### TASK OBJECTIVE
Your copy begins at the line with "Womens Long Sleeve" and runs through the end of the data below. Set down only those lines exactly, without pictures.

### RECORDS FOR THE TASK
==========

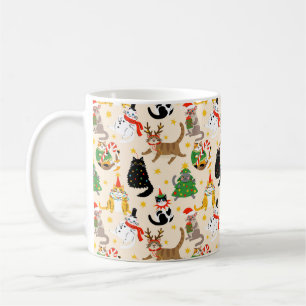 Caneca De Café Padrão de Natal para Gatos Festivos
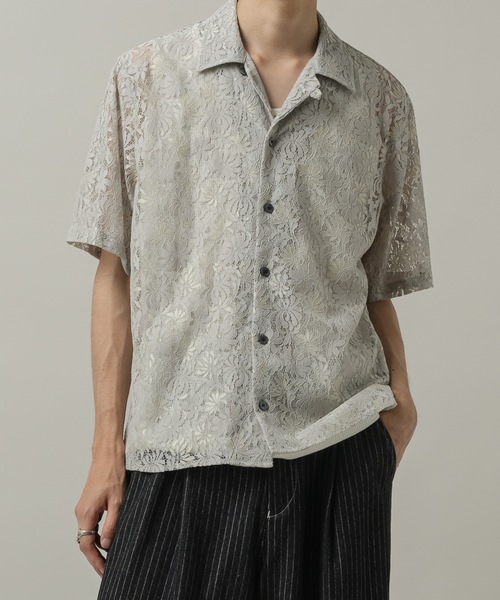CASPER JOHN(キャスパージョン)の「Flower lace shirts/フラワーレースシャツ(シャツ/ブラウス・メンズ・ライトグレー/ミント/ネイビー・SMALL/X-SMALL/LARGE/MEDIUM)」の10枚目の写真
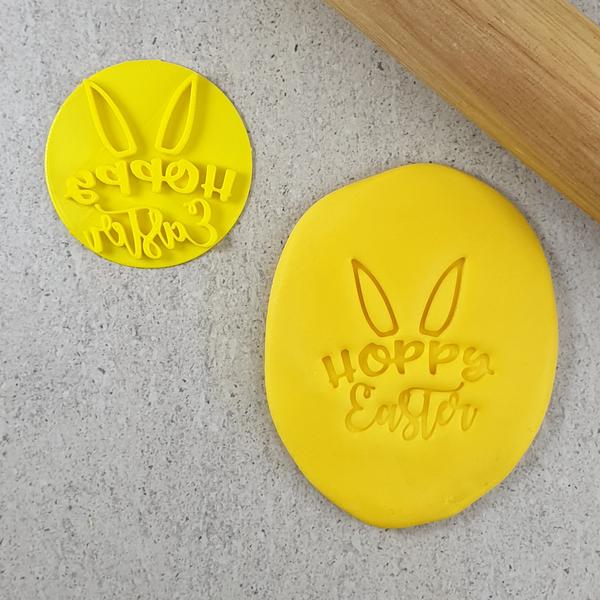 Custom Cookie Cutters Embosser - Hoppy Easter.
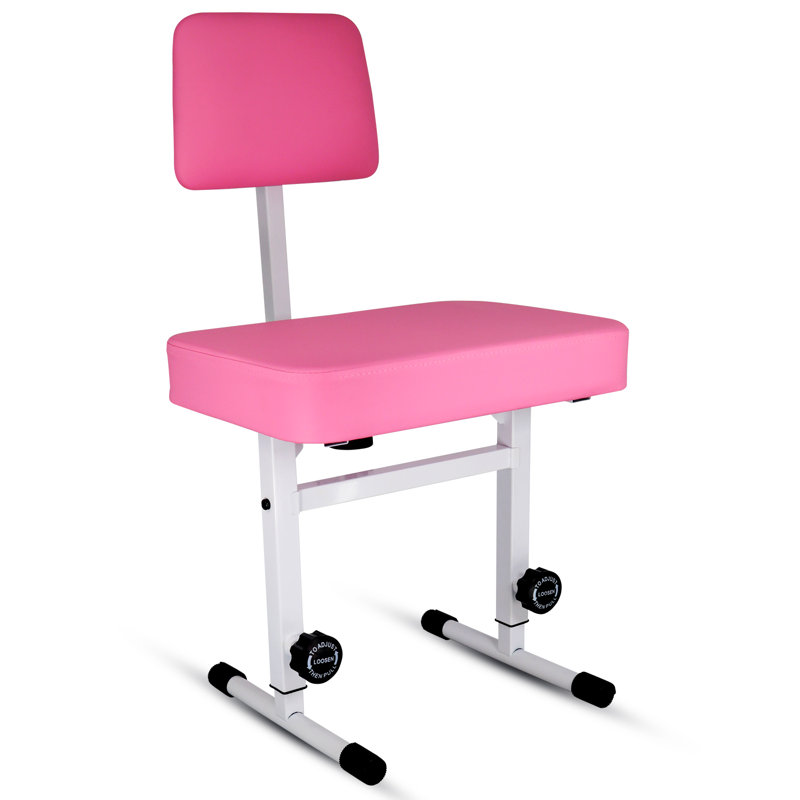 5 Core Piano Bench Height Adjustable Keyboard Stool Stool Heavy Duty Thick Padded Cushioned Seat with Backrest, Pink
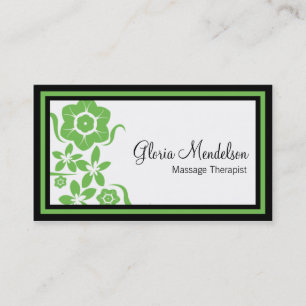 Bold Green Floral Massage Therapy Business Card
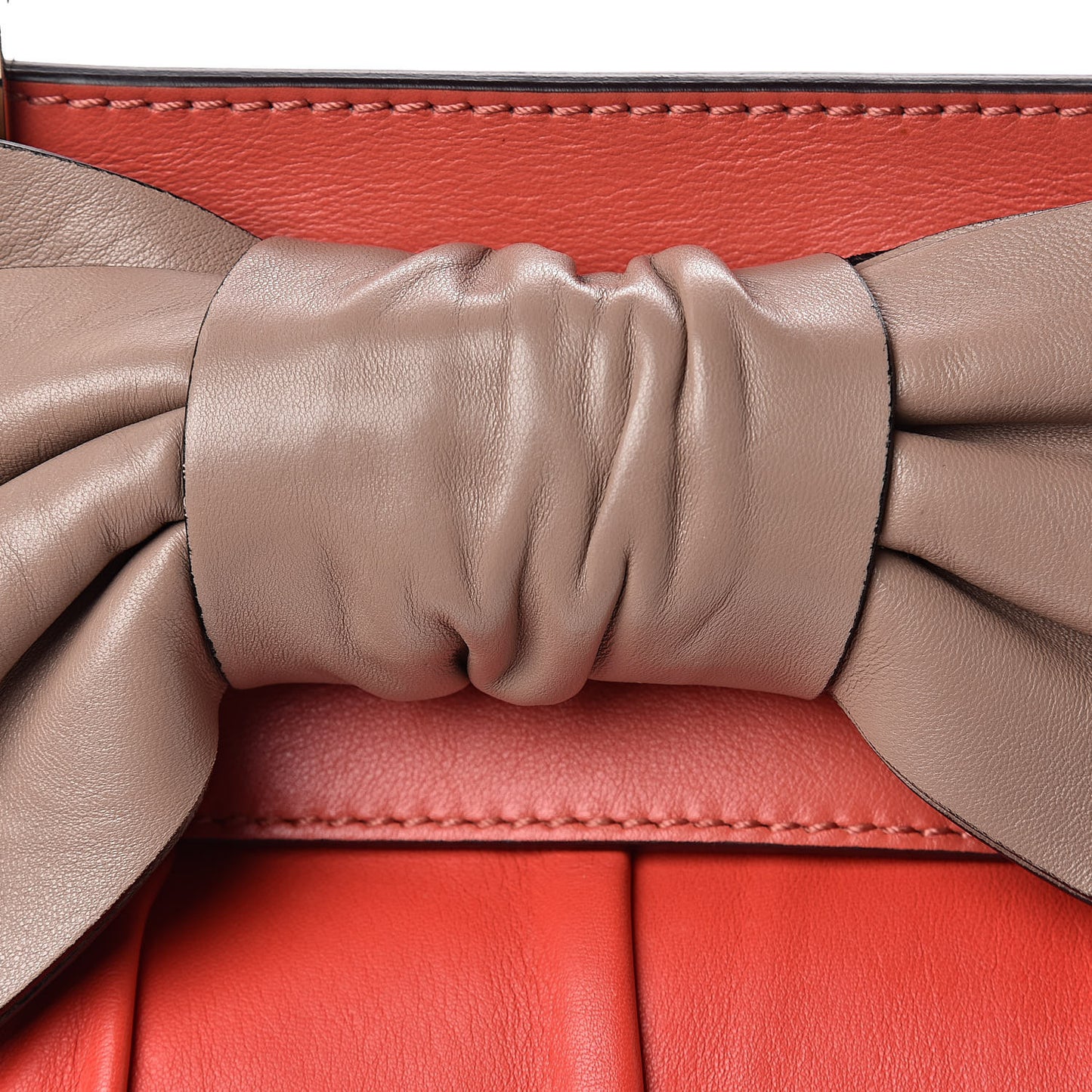 Nappa Large Aphrodite Bow Satchel Coral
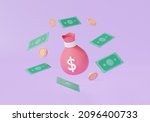 money bag with coins and... | Shutterstock . vector #2096400733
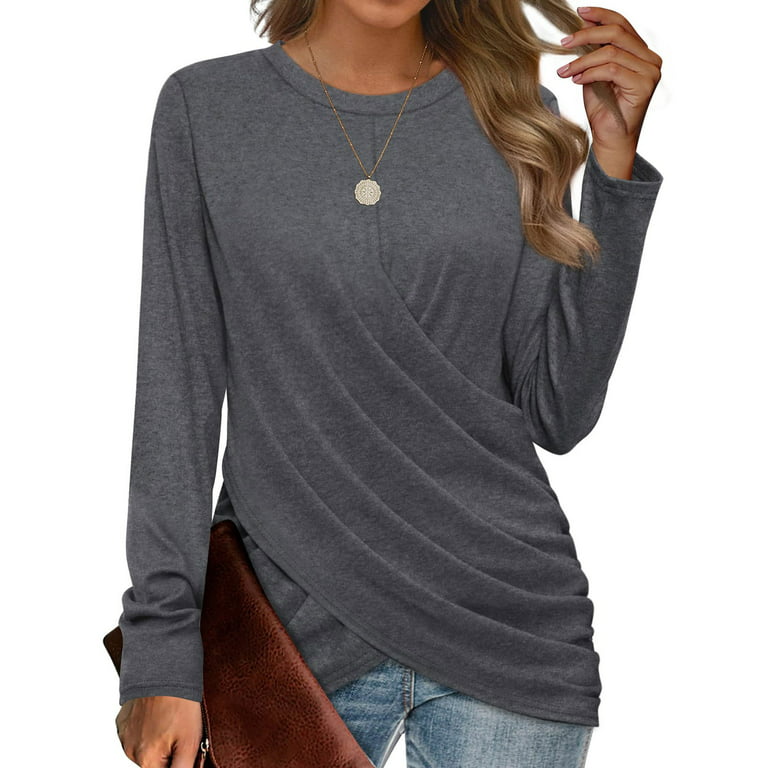 Womens Long Sleeve Tops Twist Front Tunic Tops To Wear With Leggings Womens  Long Sleeve Layering Shirt Shirt Shirts for Women Long Sleeve Undershirts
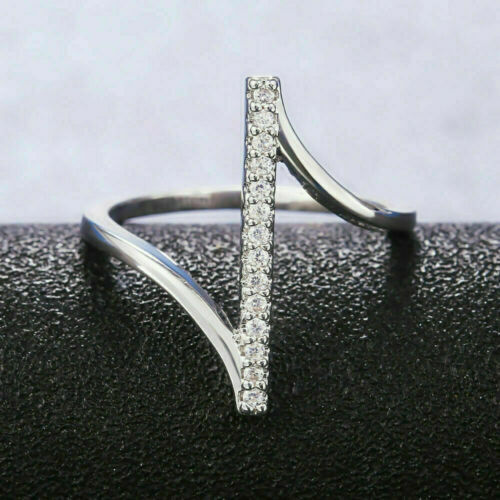 1.20 Ct Round Simulated Diamond Sweeping Bypass Wedding Ring 925 Sterling Silver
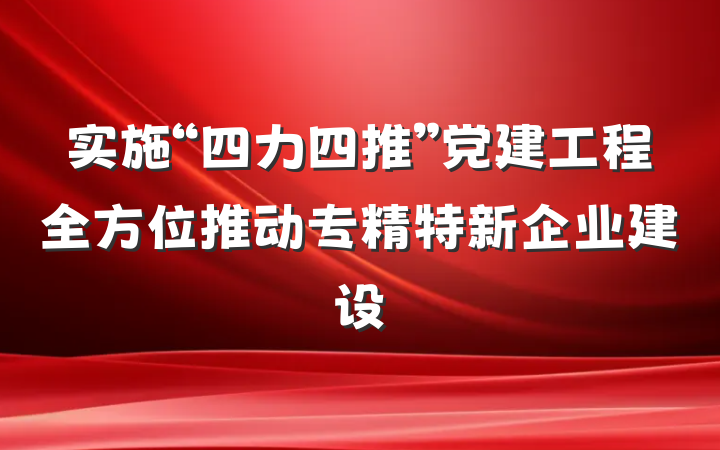 实施“四力四推”党建工程全方位推动专精特新企业建设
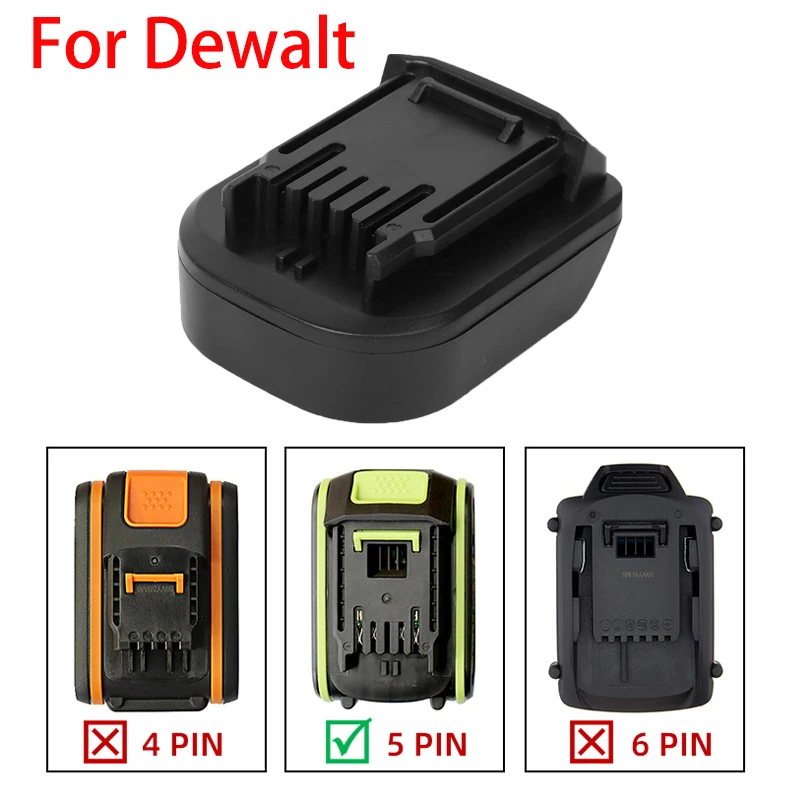 Battery Adapter for Worx 20V Green Electric Drill Power Tools 5pin Batteries, Converter for Dewalt 18V 20V Lithium-ion Batteries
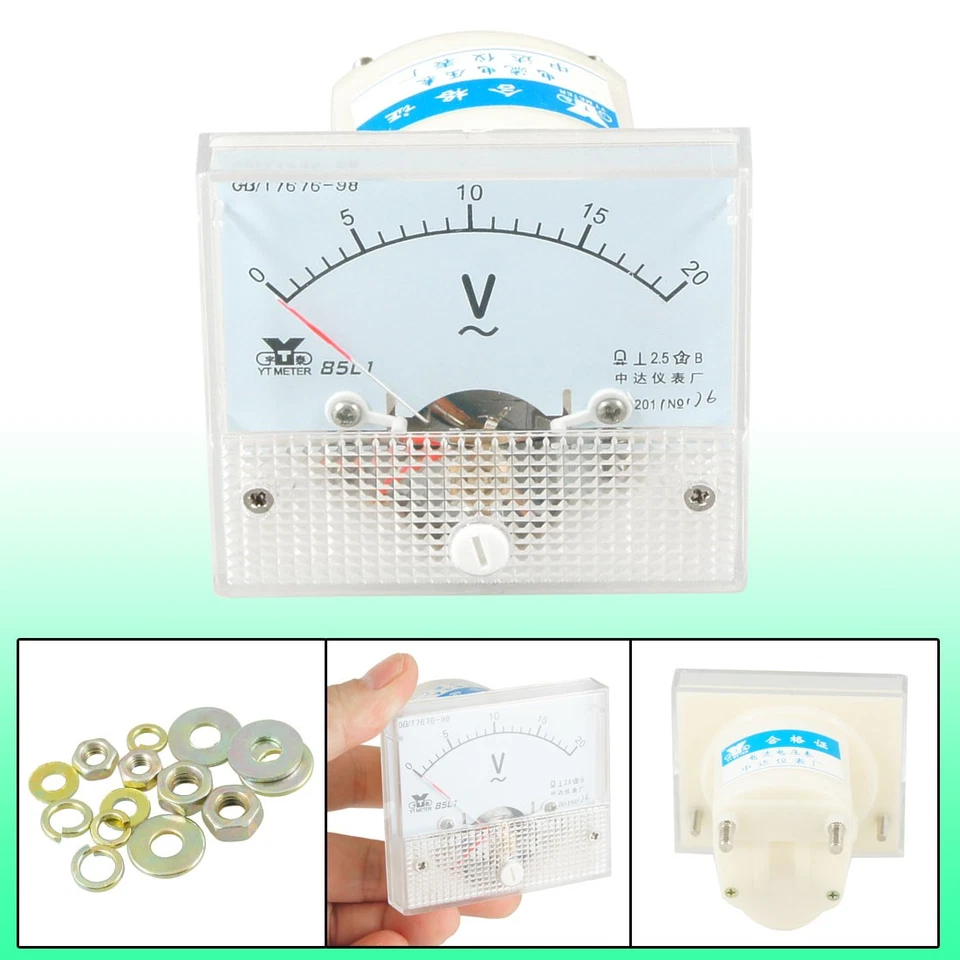 85L1 AC 0-20V Rechteck Analog Panel Voltmeter Voltmeter Messgerät - Bild 1 von 1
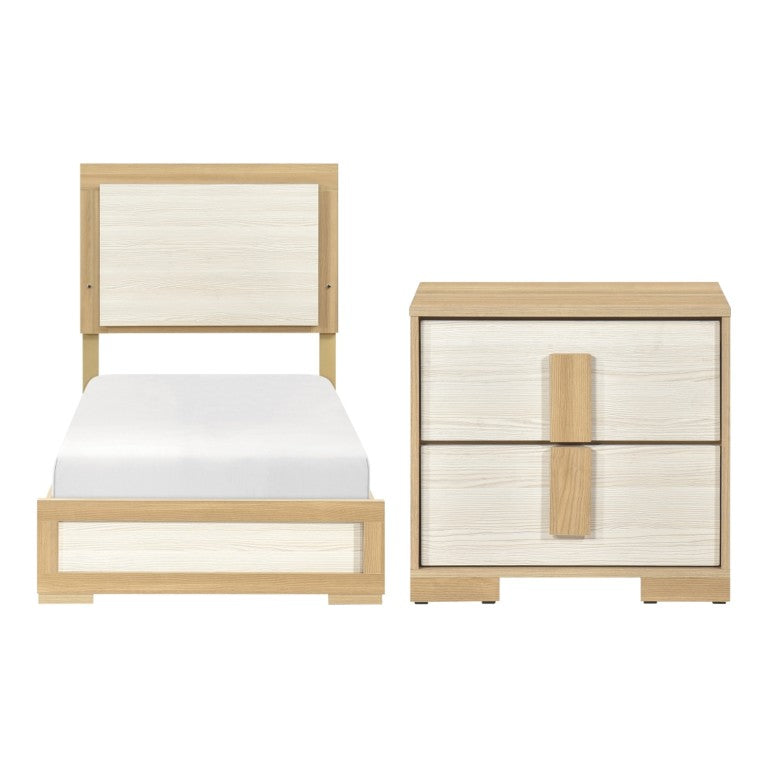 English Elm Twin Bedroom Set with LED Headboard Melamine Frame and Two Nightstands in Modern Finish B011S06978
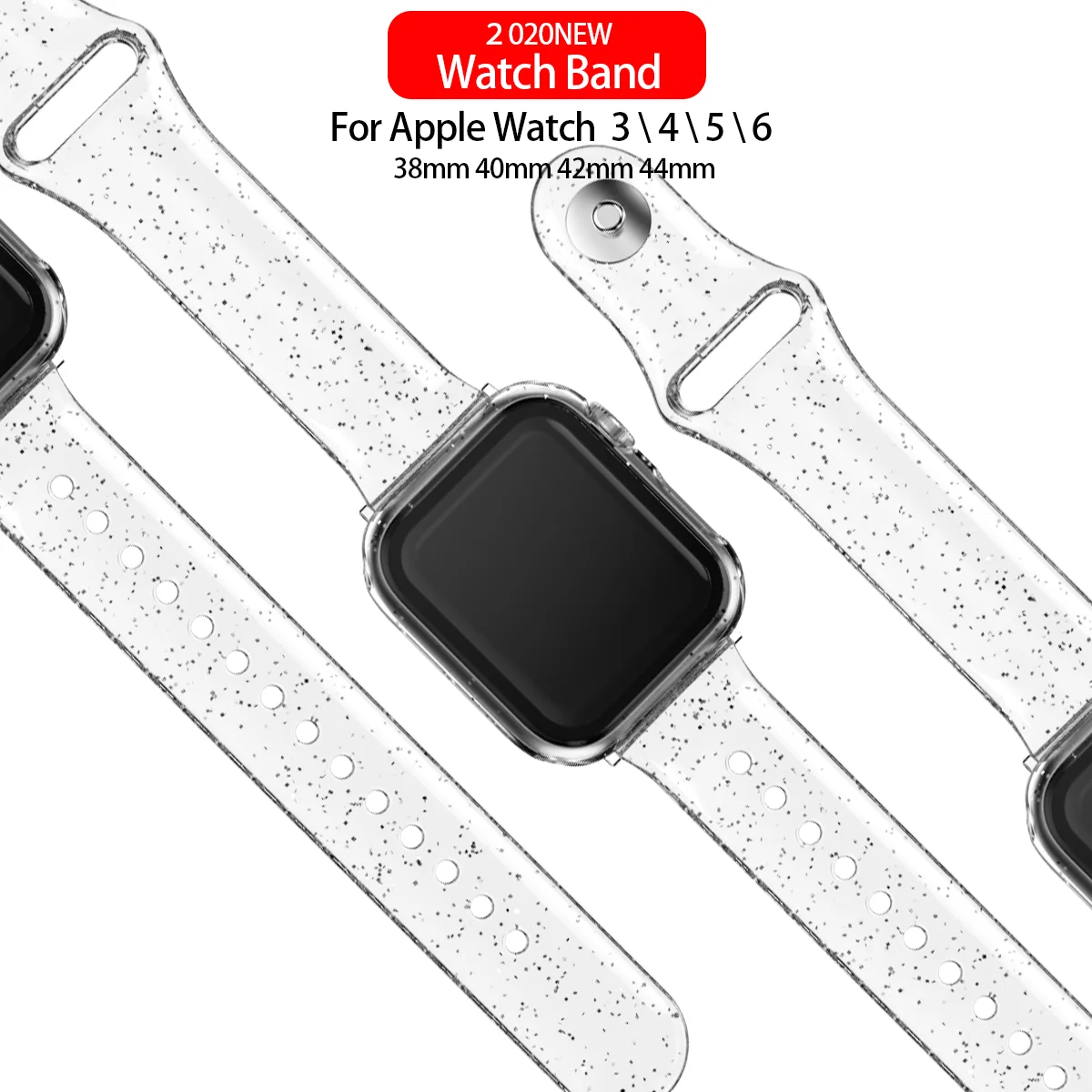 Soft Silicone Bands for Apple Watch Strap 45mm 41mm 44mm 40mm42mm38mm Glitter Women Sports Wristband for iWatch 7/6/5/4/3/2/1/SE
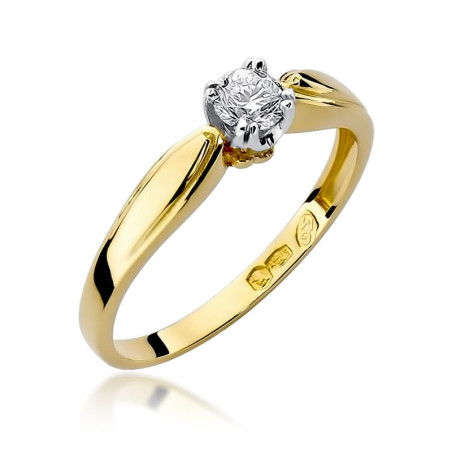 "Pierścionek W197 Diament 0,24ct - Żółte złoto | Daimana.pl"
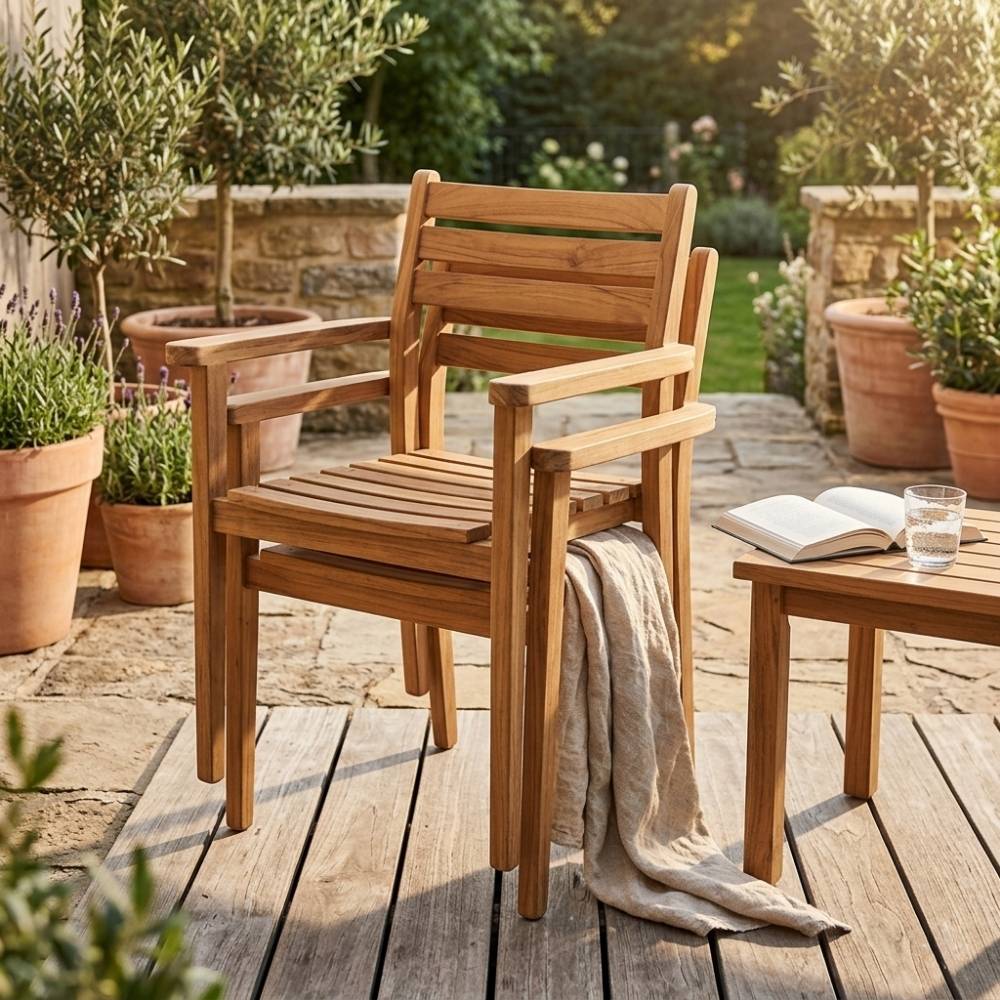 2er Set Teakstuhl MICA - stapelbar - Teakholz für Terrasse Balkon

==========

### REPLY
 Womens Long Sleeve Tops Twist Front Tunic Tops To Wear With Leggings Womens  Long Sleeve Layering Shirt Shirt Shirts for Women Long Sleeve Undershirts
 1.20 Ct Round Simulated Diamond Sweeping Bypass Wedding Ring 925 Sterling Silver
 实施“四力四推”党建工程全方位推动专精特新企业建设
 Battery Adapter for Worx 20V Green Electric Drill Power Tools 5pin Batteries, Converter for Dewalt 18V 20V Lithium-ion Batteries
 85L1 AC 0-20V Rechteck Analog Panel Voltmeter Voltmeter Messgerät - Bild 1 von 1
 English Elm Twin Bedroom Set with LED Headboard Melamine Frame and Two Nightstands in Modern Finish B011S06978
 Soft Silicone Bands for Apple Watch Strap 45mm 41mm 44mm 40mm42mm38mm Glitter Women Sports Wristband for iWatch 7/6/5/4/3/2/1/SE
 "Pierścionek W197 Diament 0,24ct - Żółte złoto | Daimana.pl"
 2er Set Teakstuhl MICA - stapelbar - Teakholz für Terrasse Balkon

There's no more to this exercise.